A Buenos Aires ho conosciuto tre tipologie di tango, anzi per la precisione, se mi è concessa la catalogazione, mi spingerei ad affermare che in realtà ne ho toccato con mano quattro.
Il primo genere è quello turistico, quello cioè che ti propongono visitando “la Boca”, il bario dove praticamente si dice sia nato questo ballo con tutte le varie influenze migratorie che comunque ci sono state nei primi anni dell‘800. In questo quartiere ti accolgono ballerine e ballerini che dopo essersi esibiti si prestano a farsi fotografare facendo fare alle turiste e ai turisti qualche passo per fermarsi in posizioni plastiche tipiche di questa danza.

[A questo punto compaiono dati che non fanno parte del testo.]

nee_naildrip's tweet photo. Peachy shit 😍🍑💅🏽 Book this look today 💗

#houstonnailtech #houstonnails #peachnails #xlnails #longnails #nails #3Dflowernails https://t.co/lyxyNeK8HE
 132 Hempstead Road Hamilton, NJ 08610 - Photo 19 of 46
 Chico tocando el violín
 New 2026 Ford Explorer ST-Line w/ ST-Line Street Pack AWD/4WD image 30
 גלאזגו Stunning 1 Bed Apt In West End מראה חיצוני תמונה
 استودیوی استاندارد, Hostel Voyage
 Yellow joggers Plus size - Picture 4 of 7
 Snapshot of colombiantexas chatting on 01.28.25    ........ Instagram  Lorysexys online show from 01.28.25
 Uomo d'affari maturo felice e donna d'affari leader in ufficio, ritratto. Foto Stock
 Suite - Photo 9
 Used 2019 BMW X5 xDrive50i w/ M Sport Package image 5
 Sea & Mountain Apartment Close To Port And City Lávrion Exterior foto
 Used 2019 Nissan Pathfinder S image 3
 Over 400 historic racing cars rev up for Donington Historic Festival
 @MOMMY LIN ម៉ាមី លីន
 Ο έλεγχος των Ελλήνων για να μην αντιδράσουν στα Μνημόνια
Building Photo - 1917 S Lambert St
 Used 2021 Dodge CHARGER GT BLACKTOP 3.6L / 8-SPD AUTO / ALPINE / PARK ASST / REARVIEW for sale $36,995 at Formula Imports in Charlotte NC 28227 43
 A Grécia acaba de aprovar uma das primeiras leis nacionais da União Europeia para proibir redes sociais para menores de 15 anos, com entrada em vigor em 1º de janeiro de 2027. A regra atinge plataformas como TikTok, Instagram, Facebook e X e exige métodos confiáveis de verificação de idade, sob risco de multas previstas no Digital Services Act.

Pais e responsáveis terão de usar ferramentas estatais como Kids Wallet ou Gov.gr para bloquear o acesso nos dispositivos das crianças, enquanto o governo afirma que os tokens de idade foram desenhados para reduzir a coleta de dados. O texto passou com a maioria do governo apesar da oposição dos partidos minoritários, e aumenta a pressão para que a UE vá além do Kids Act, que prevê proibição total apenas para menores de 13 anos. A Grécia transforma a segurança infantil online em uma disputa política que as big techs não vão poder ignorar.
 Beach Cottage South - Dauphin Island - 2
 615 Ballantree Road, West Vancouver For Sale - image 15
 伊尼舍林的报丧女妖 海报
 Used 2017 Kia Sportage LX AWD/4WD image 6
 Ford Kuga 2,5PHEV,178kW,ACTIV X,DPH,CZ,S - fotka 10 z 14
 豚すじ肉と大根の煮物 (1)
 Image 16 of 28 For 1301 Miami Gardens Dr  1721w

A “la Boca” cercano di riproporre i sapori di un tempo tra le case dai colori sgargianti e dai tetti in lamiera. Se poi ci si sposta verso San Telmo, in modo particolare la domenica, riassisti alle stesse sceneggiate tra un bagno di gente che cammina trascinata fuori da un vita che, per molti, quotidianamente è decisamente diversa. Il tango turistico prosegue poi nei ristoranti dove tra una portata e l’altra sei travolto da mini show tangueri tra bandoleoneros che suonano e tangueri che ballano nei loro vestiti di scena. Anche qui certe figure diventano acrobatiche allontanando lo spirito del tango dalla vera origine, dalla vera essenza.
Poi c’è un tango che realmente vivi in qualche Milonga. A me è capitato alla “Confitería Ideal” tra l’Avenida Corrientes e Suipacha a pochi passi dall’obelisco, tanto per intenderci. Lì veramente ti rituffi nel passato. Credo che parte del merito vada certamente all’architettura di un locale molto particolare, ma soprattutto sia da ricercare in alcuni personaggi che incontri sulla pista. Sicuramente degli abitué che devono aver ormai consumato il marmetto rosa di un pavimento che porta le loro impronte. Sono caratteristici, semplici se pur molto eleganti. Le loro dame faticano ad alzarsi dalle seggiole viennesi sulle quali però, lasciano le tante primavere trascorse e, una volta abbracciate al loro leader, sembrano tornare ad un passato fatto di tanti bolèi, ganci e ocho. Sono leggere, nonostante l’età e a volte la stazza. Sono eleganti nei lori vestiti in organza. Sono ancora abili sui loro tacchi. Sono spavalde nei movimenti. Sono forti negli abbracci, ma sono soprattutto sincere negli sguardi languidi ed ancora innamorati verso i loro compagni con i quali probabilmente hanno condiviso una vita, tra gioie e dolori che inevitabilmente comporta l’essere su questo pianeta. Le signore sui tavoli hanno tazze di tè, gli uomini un buon bicchiere di vino, quasi mai birra... appesantisce il movimento! Loro, gli uomini, sono molto premurosi. Gentili nel prendere il soprabito all’amata e nell’aiutarla a indossarlo. Nello scendere la lunga scalinata che ti riporta sul piano della strada si sostengono a vicenda ed escono con il sorriso. Si infilano nella notte e nelle corse delle ultime auto prima che l’alba li catturi sul portone di casa.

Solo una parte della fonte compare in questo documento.